§ EXERCISE DIRECTIONS
Transcribe only the part of the material below that begins at the line containing "White Plastic Golf Tees (200 Pack)" and ends at the line containing "Puma Blue and", with both kept and images left out.

§ SUPPLIED ENTRIES
= = = = =

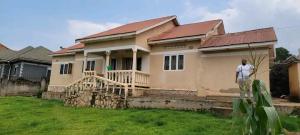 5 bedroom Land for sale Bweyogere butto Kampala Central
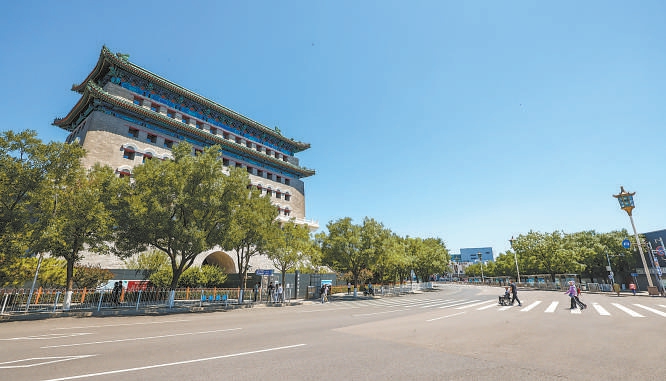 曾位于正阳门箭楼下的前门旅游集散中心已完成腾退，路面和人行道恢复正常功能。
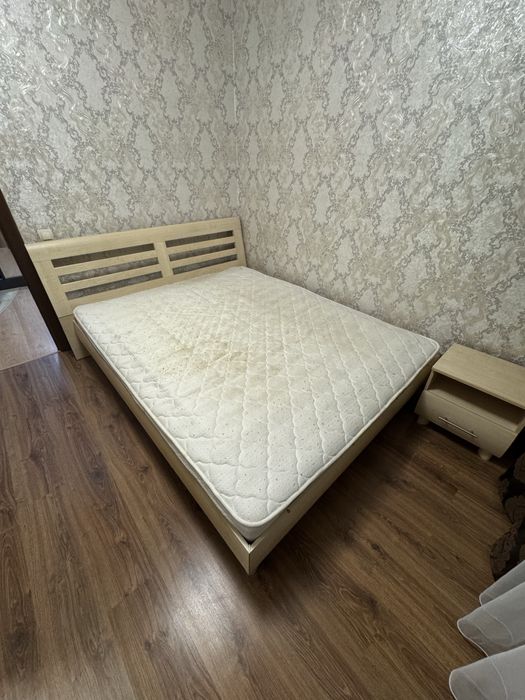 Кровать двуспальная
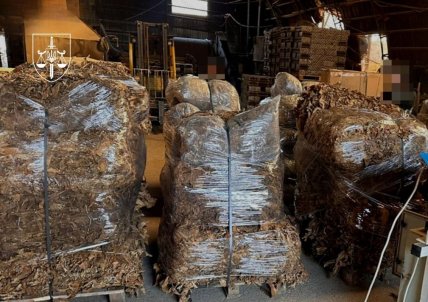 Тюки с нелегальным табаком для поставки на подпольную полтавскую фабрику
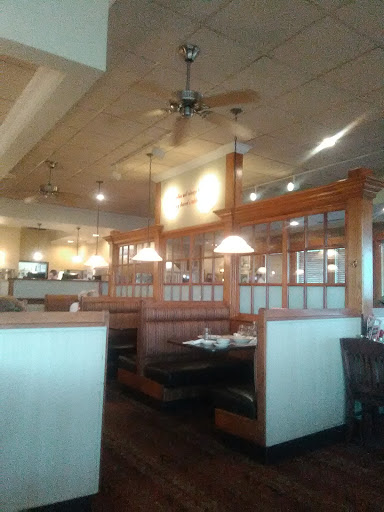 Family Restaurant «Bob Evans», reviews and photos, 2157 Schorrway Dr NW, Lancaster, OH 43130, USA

= = = = =

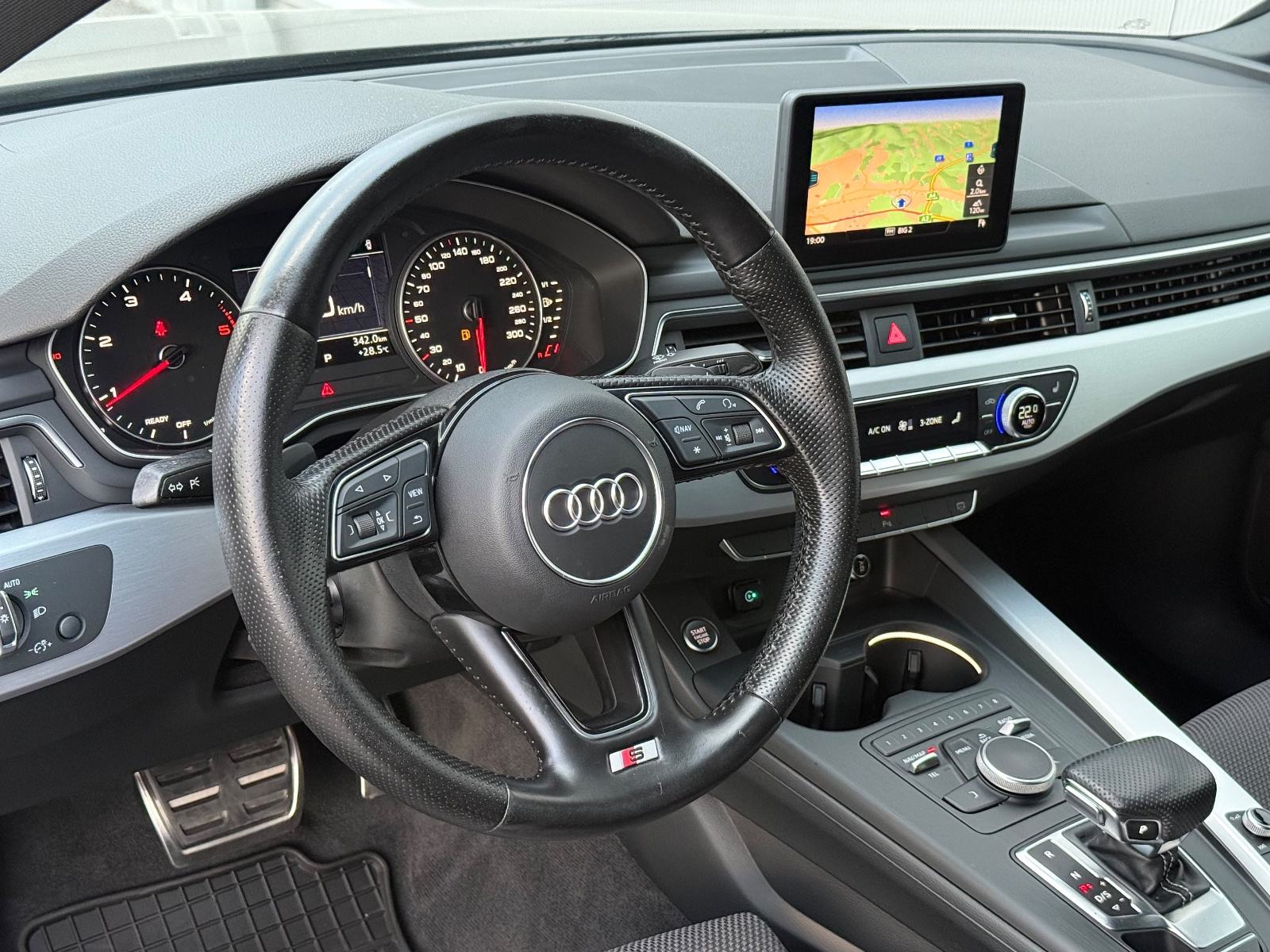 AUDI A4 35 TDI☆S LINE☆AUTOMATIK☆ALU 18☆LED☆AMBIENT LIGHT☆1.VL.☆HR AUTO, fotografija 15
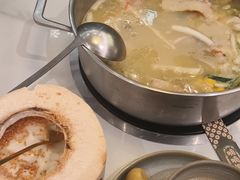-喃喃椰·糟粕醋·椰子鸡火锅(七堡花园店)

= = = = =

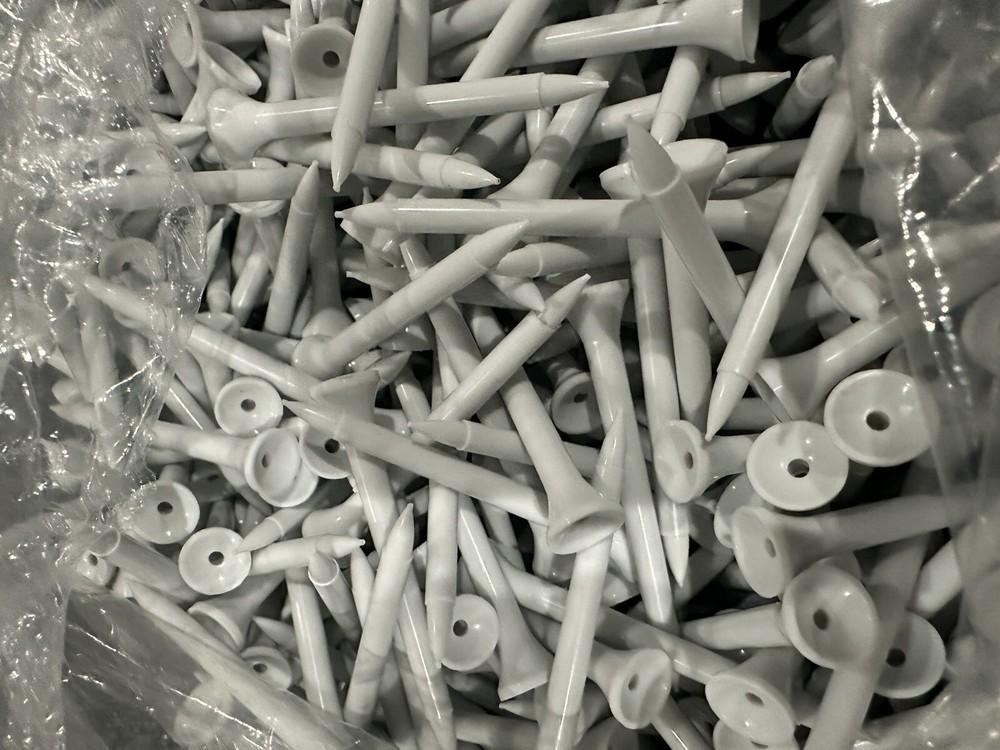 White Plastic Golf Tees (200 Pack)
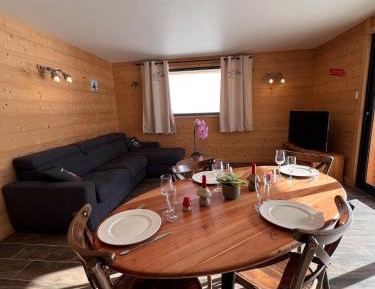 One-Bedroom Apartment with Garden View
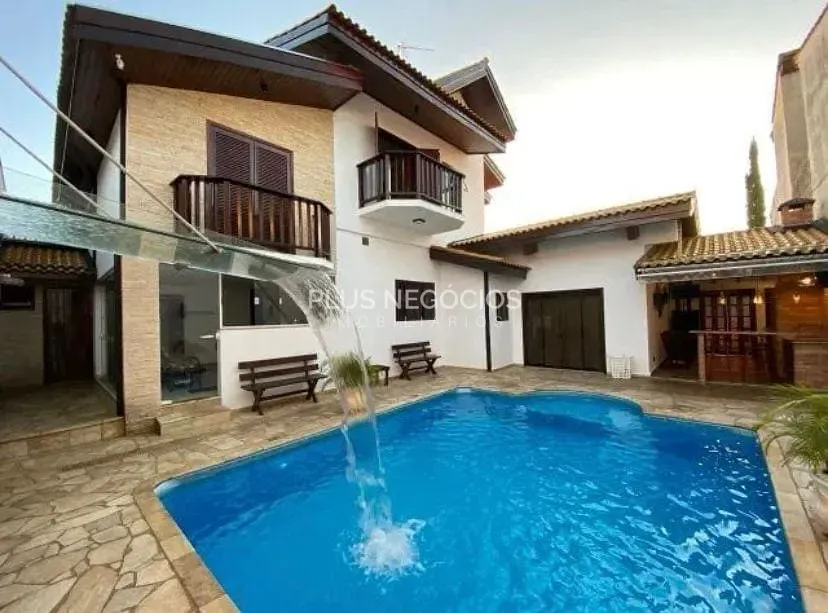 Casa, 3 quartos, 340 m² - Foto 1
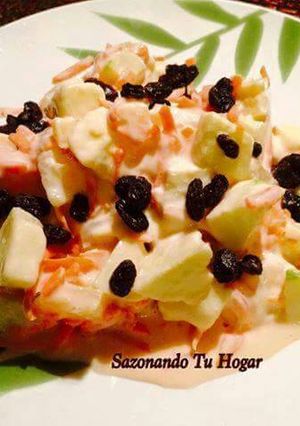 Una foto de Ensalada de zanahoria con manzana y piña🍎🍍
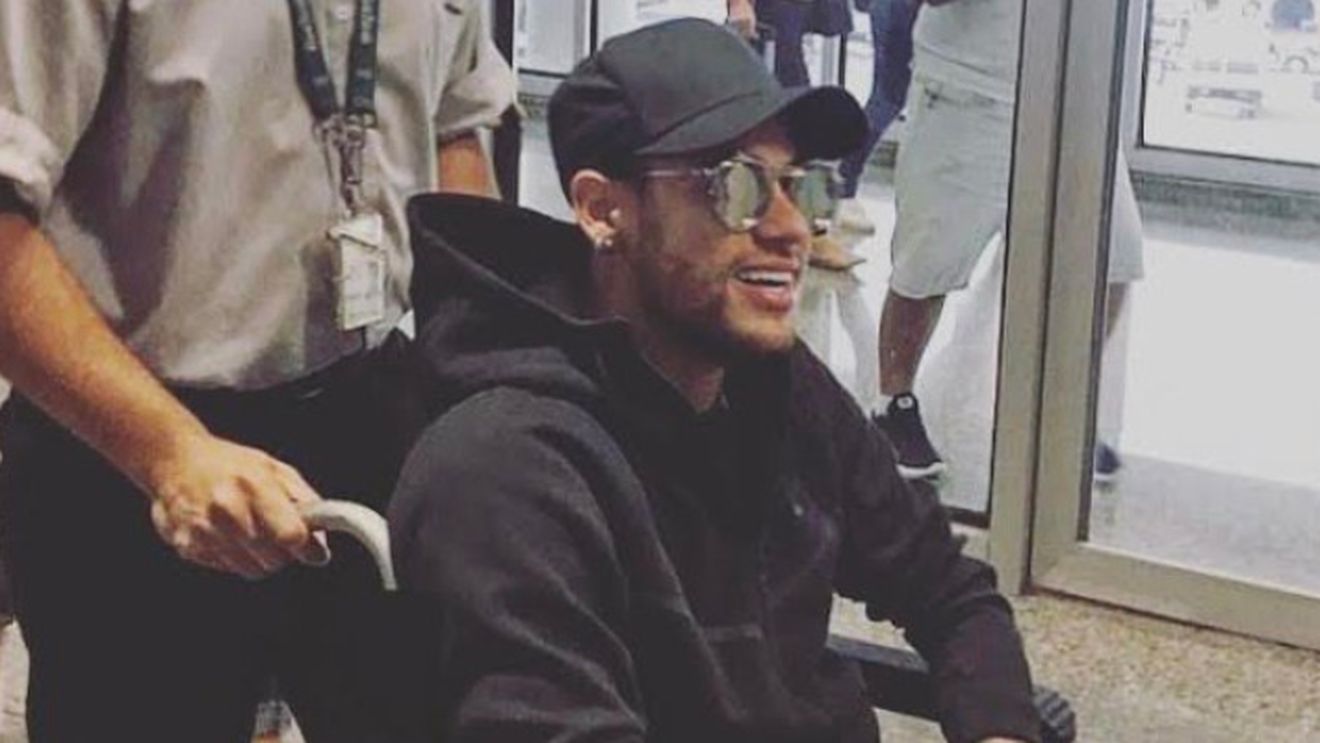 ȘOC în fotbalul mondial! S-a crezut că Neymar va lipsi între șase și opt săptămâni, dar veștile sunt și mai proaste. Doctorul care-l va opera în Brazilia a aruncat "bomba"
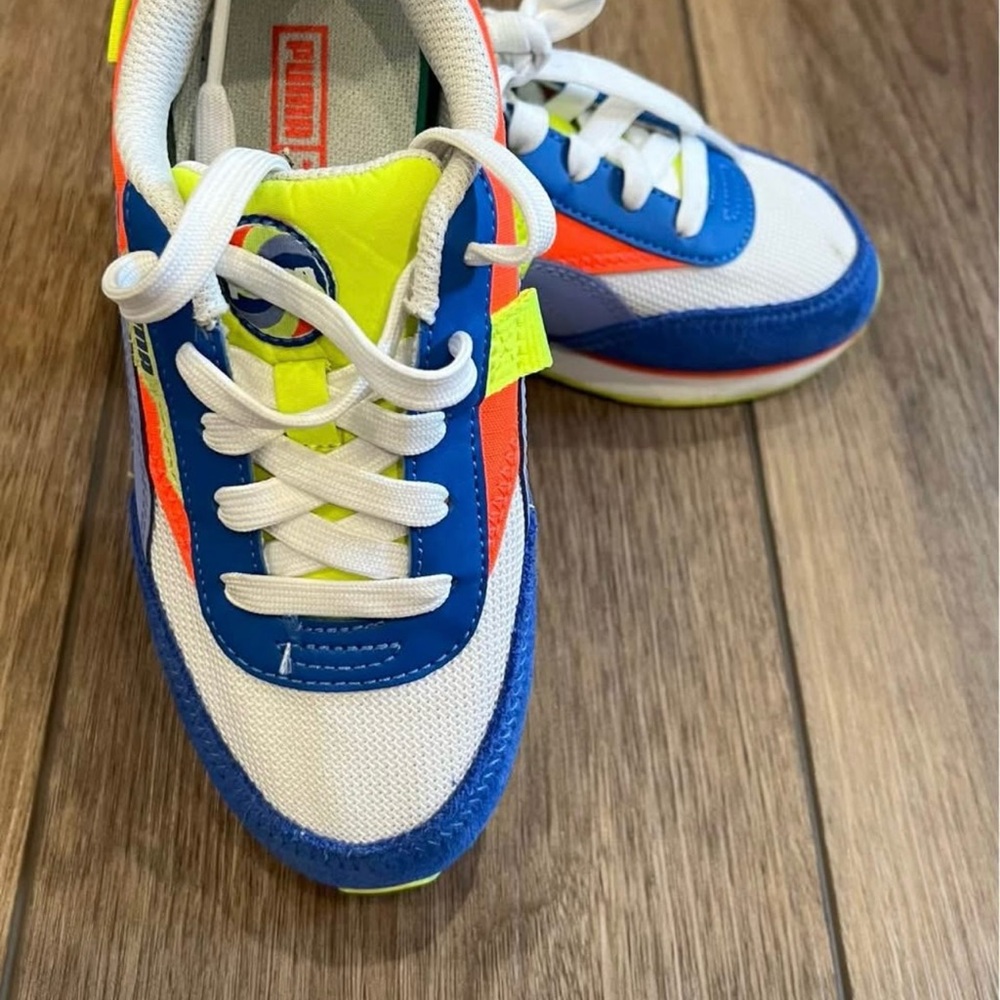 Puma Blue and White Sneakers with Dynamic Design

= = = = =

§ RESPONSE FOR THIS EXERCISE
 White Plastic Golf Tees (200 Pack)
 One-Bedroom Apartment with Garden View
 Casa, 3 quartos, 340 m² - Foto 1
 Una foto de Ensalada de zanahoria con manzana y piña🍎🍍
 ȘOC în fotbalul mondial! S-a crezut că Neymar va lipsi între șase și opt săptămâni, dar veștile sunt și mai proaste. Doctorul care-l va opera în Brazilia a aruncat "bomba"
 Puma Blue and White Sneakers with Dynamic Design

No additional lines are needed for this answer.